A pandemia também contribuiu para abrir espaço à consolidação da ameaça extremista islâmica. “Vários governos africanos, esmagados pelos desafios colocados pela pandemia em fúria, reafetaram forças militares e de segurança para apoiar as necessidades de saúde da população em geral.

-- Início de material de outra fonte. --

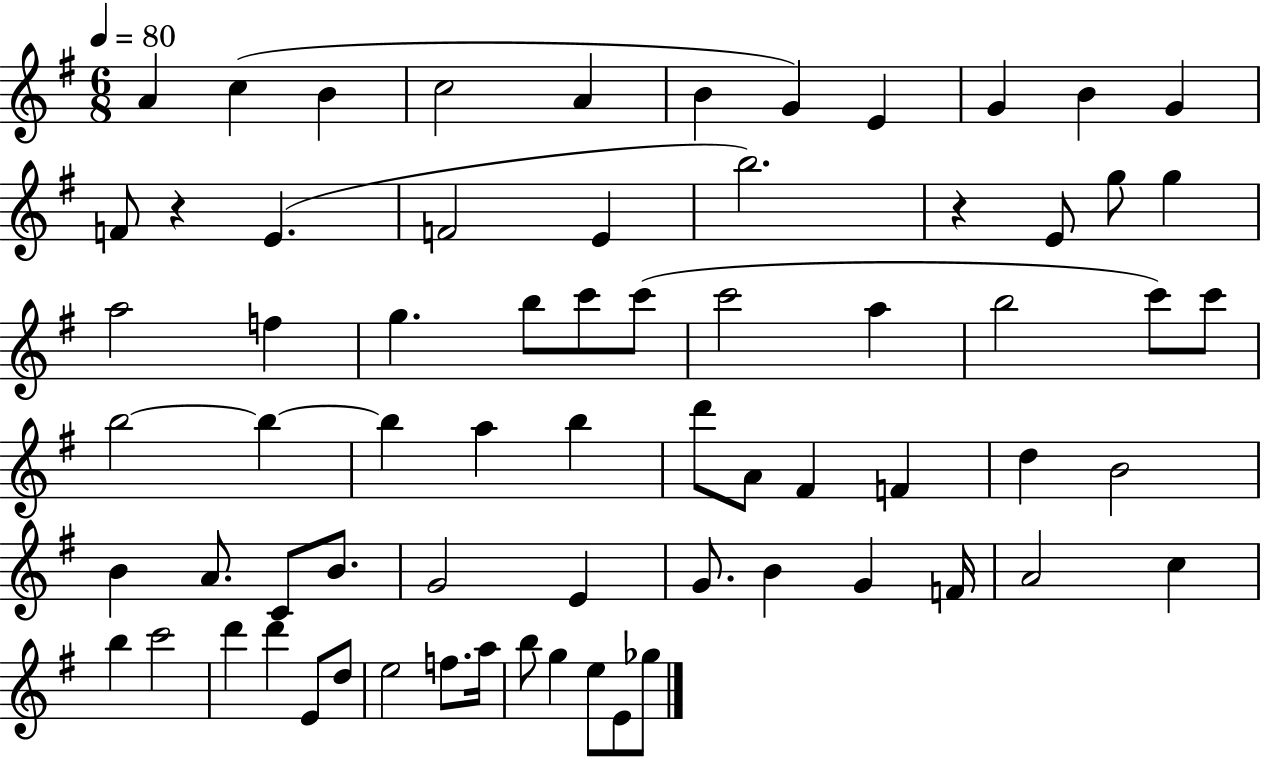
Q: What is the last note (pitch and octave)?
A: Gb5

Particularmente nos primeiros meses, grupos terroristas e jihadistas aproveitaram o facto de o Governo estar focado na pandemia para aumentar os seus ataques violentos e consolidar os ganhos territoriais”, diz o documento, acrescentando que a pandemia também alimentou o discurso dos extremistas, que enquadraram a doença como um “castigo de Deus para o ‘Ocidente decadente’, prometeram imunidade contra o vírus e asseguraram um lugar no paraíso para os jihadistas”.
Mas mesmo nos países ocidentais, onde o relatório não identificou violações significativas à liberdade religiosa, foi possível detetar “casos de abuso”, sobretudo relacionados com a “aplicação desproporcionada de restrições entre atividades religiosas e atividades empresariais, bem como à agressividade da polícia e das forças armadas na abordagem de violações de restrições relacionadas com práticas religiosas”.

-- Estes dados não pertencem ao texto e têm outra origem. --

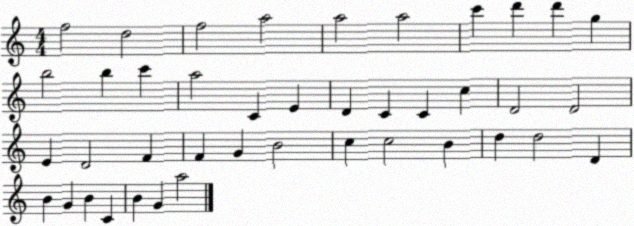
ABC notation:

X:1
T:Untitled
M:4/4
L:1/4
K:C
f2 d2 f2 a2 a2 a2 c' d' d' g b2 b c' a2 C E D C C c D2 D2 E D2 F F G B2 c c2 B d d2 D B G B C B G a2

Portugal sem violações da liberdade religiosa — mas há alertas ao Ocidente
No capítulo sobre Portugal, o relatório diz que nos últimos dois anos “não houve em Portugal incidentes significativos envolvendo lugares de culto, com excepção de furtos, actos de vandalismo e situações ocasionais de utilização dos espaços que gerou alguma controvérsia”.
Entre os casos apontados pelo relatório encontram-se a polémica em torno de um concerto numa igreja na aldeia de Cem Soldos, em Tomar; algumas controvérsias relacionadas com o pagamento de impostos sobre os imóveis da Igreja Católica, nomeadamente o caso de Penafiel; as críticas à RTP por privilegiar a Igreja Católica na mensagem de Natal do cardeal-patriarca de Lisboa; casos de vandalização de património religioso em São João da Madeira e em Campo Maior; e ainda o homicídio da irmã Maria Antónia Guerra, conhecida como a “freira radical”. O documento aponta ainda o caso de uma atleta muçulmana de Tavira que foi proibida de entrar num jogo de basquetebol por estar a utilizar coberturas para os braços, pernas e cabelo (hijab).

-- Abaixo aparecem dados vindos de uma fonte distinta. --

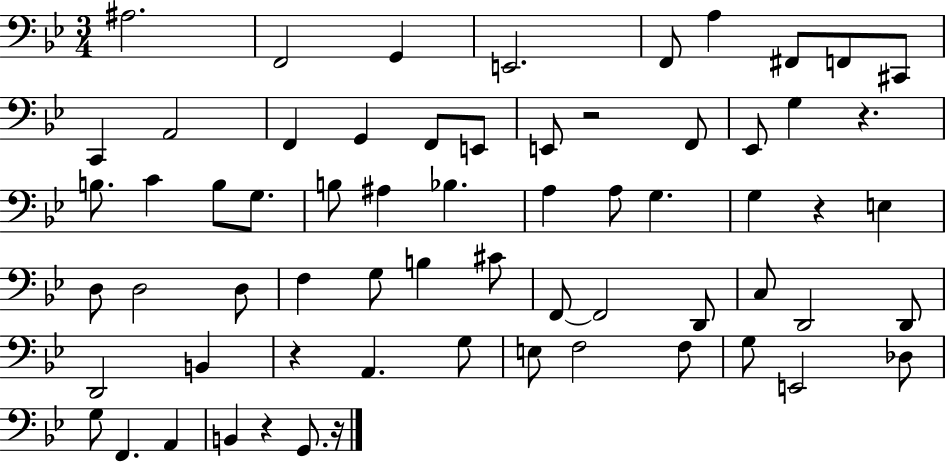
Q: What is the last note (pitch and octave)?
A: G2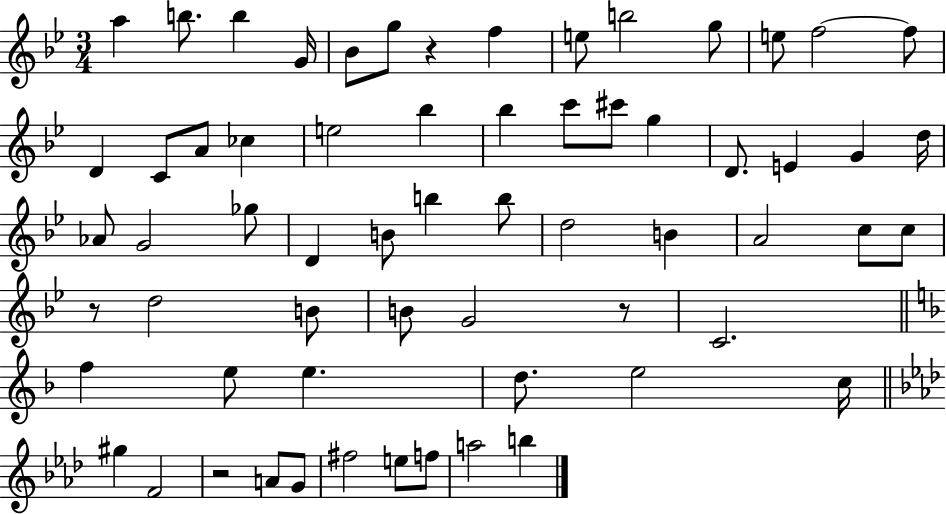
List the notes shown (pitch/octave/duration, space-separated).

A5/q B5/e. B5/q G4/s Bb4/e G5/e R/q F5/q E5/e B5/h G5/e E5/e F5/h F5/e D4/q C4/e A4/e CES5/q E5/h Bb5/q Bb5/q C6/e C#6/e G5/q D4/e. E4/q G4/q D5/s Ab4/e G4/h Gb5/e D4/q B4/e B5/q B5/e D5/h B4/q A4/h C5/e C5/e R/e D5/h B4/e B4/e G4/h R/e C4/h. F5/q E5/e E5/q. D5/e. E5/h C5/s G#5/q F4/h R/h A4/e G4/e F#5/h E5/e F5/e A5/h B5/q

Embora a situação portuguesa seja de respeito generalizado pela liberdade religiosa, o relatório deixa alertas para a incapacidade dos países ocidentais em lidar com as novas formas de extremismo islâmico.
“O ‘ciber-califado’, em expansão global, é agora um instrumento estabelecido de recrutamento e radicalização online no Ocidente. Os terroristas islamitas usam tecnologias digitais sofisticadas para recrutar, radicalizar e atacar. Embora não sejam capazes de neutralizar as comunicações terroristas online, as unidades antiterroristas conseguiram impedir ataques em vários países ocidentais”, aponta o documento, que defende o ensino religioso nas escolas como modo de reduzir a radicalização. “O Ocidente tem menosprezado as ferramentas que reduzem a radicalização. Embora os governos reconheçam que o ensino das religiões mundiais nas escolas reduz a radicalização e aumenta a compreensão inter-religiosa entre os jovens, um número crescente de países tem eliminado as aulas de educação religiosa.”